Diagnosis/testing: The clinical diagnosis of MPPH syndrome can be established in individuals with the two core features: megalencephaly and polymicrogyria (PMG). The molecular diagnosis of MPPH syndrome is established in a proband with some of the suggestive clinical and imaging features by identification of a heterozygous pathogenic variant in one of three genes: AKT3, CCND2, or PIK3R2. While most individuals with MPPH syndrome have a germline pathogenic variant in one of these genes, some have a somatic mosaic pathogenic variant (most commonly reported in PIK3R2 or AKT3).
Management: Treatment of manifestations: Hydrocephalus warrants early neurosurgical intervention. Treatment per neurooncologist for those with medulloblastoma. Oromotor difficulties, epilepsy, developmental delays, intellectual disability, polydactyly, vision issues, cardiac anomalies, thyroid abnormalities, and renal anomalies are treated as per usual clinical care standards. Social worker support and care coordination for families of affected individuals.
Surveillance: Follow up with a pediatric neurologist regularly to monitor and treat epilepsy.

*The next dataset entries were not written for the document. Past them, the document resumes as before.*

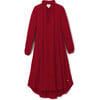 Women's Garbo Pima Nightgown, Bordeaux - Pajamas - 1 - thumbnail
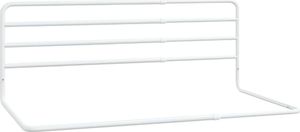 vidaXL Barierka zabezpieczająca do łóżka, biała, (76-137)x55, żelazna 2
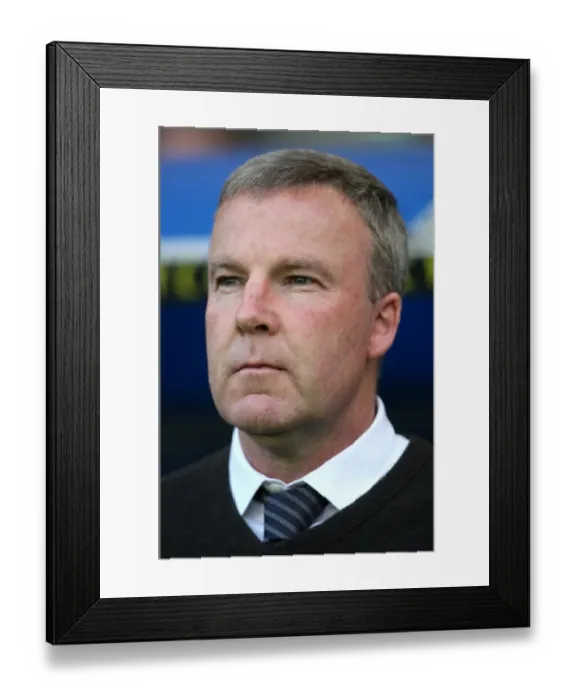 Framed Print : Millwall vs Huddersfield Town: Play-Off Semi-Final Second Leg at The New Den - Kenny Jackett Leads Millwall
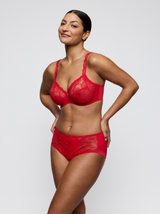 Solisse Underwired Full Cup Bra - True Red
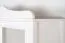 Weiße Vitrine Kiefer Vollholz Turakos 08 mit viel Stauraum, 214 x 150 x 50 cm, mit 5 Türen und 5 Schubladen, robust und langlebig, klassisches Design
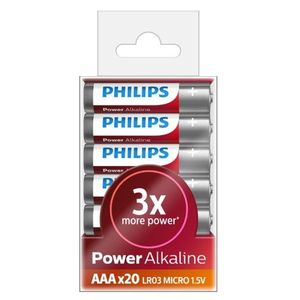 Philips Baterie AAA 1, 5 V Power Alkaline, 20 ks obraz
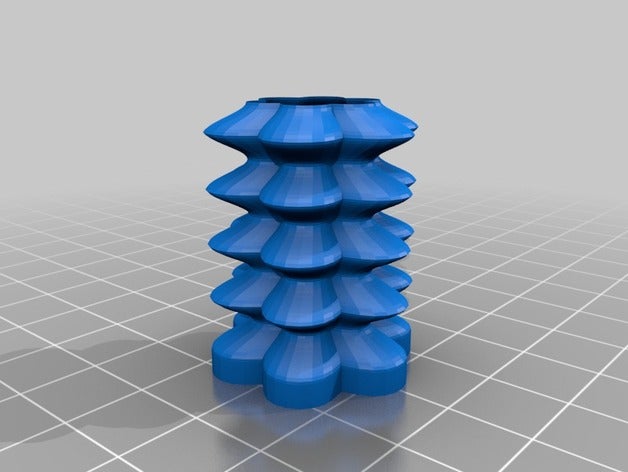 star vase 5 other 3D print model - Mito3D
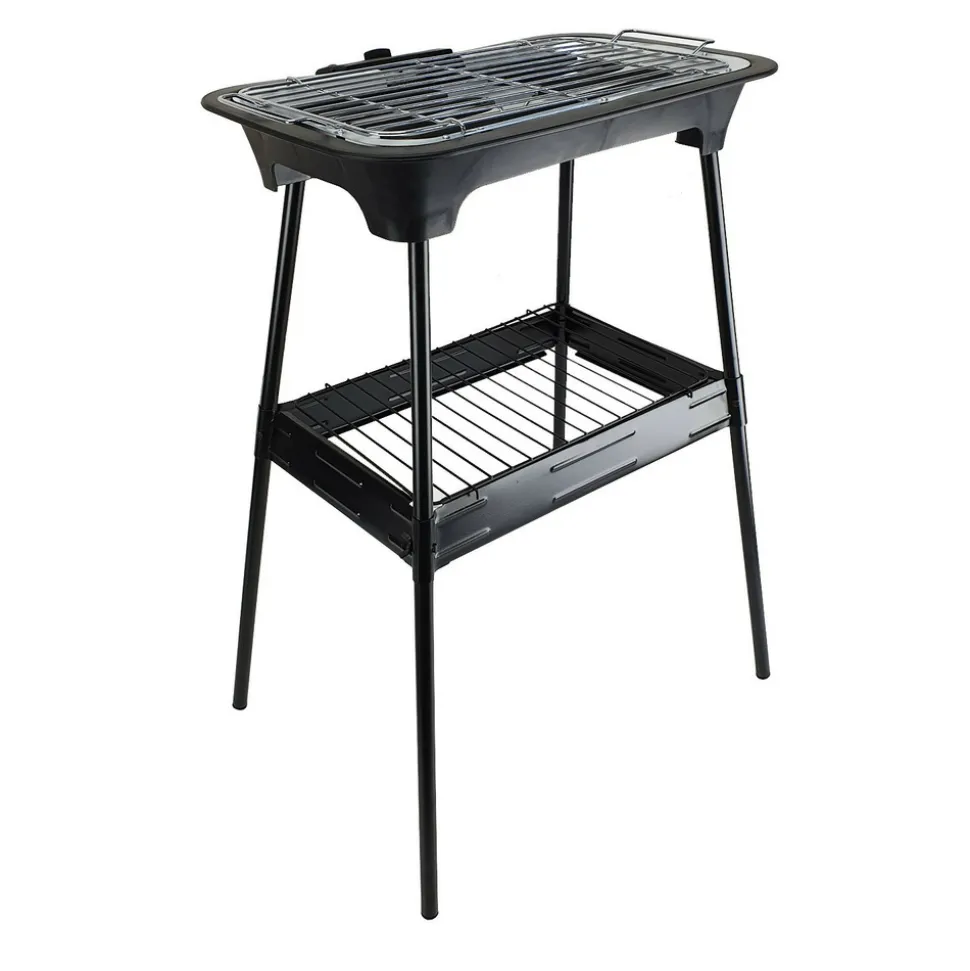 TRIOMPH - Barbecue électrique sur pieds ou sur table - triomph etf1526 - 2000w - intérieur et extérieur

Brain MRI to detect hydrocephalus and/or cerebellar tonsillar ectopia is provisionally recommended every six months from birth to age two years, and yearly from age two to six years. In older individuals, the frequency should be determined based on prior brain imaging findings as well as clinical findings. Brain imaging (with particular attention to the posterior fossa) may be considered every six months to assess for medulloblastoma. Assess growth and feeding at each visit. Routine follow up with a developmental pediatrician given the high risk of developmental delays and/or intellectual disability. Ophthalmology examination annually or as needed; endocrine follow up as recommended by endocrinologist. Assess need for social work support and care coordination at each visit.
Genetic counseling: MPPH syndrome is an autosomal dominant disorder typically caused by a de novo pathogenic variant. Almost all individuals with MPPH syndrome have the disorder as the result of a de novo germline AKT3, CCND2, or PIK3R2 pathogenic variant; somatic mosaic pathogenic variants in PIK3R2 and AKT3 have been reported in a few affected individuals. Vertical transmission of a PIK3R2 pathogenic variant from an affected heterozygous parent to several affected children has been reported in one family to date. Presumed parental germline mosaicism has been suggested in three families. Each child of an individual with a germline AKT3, CCND2, or PIK3R2 pathogenic variant has a 50% chance of inheriting the pathogenic variant. The risk for transmission to offspring of an individual with somatic mosaicism for an MPPH-related pathogenic variant is expected to be less than 50%. Once the MPPH syndrome-related pathogenic variant has been identified in an affected family member, prenatal testing for a pregnancy at increased risk and preimplantation genetic testing for MPPH syndrome are possible.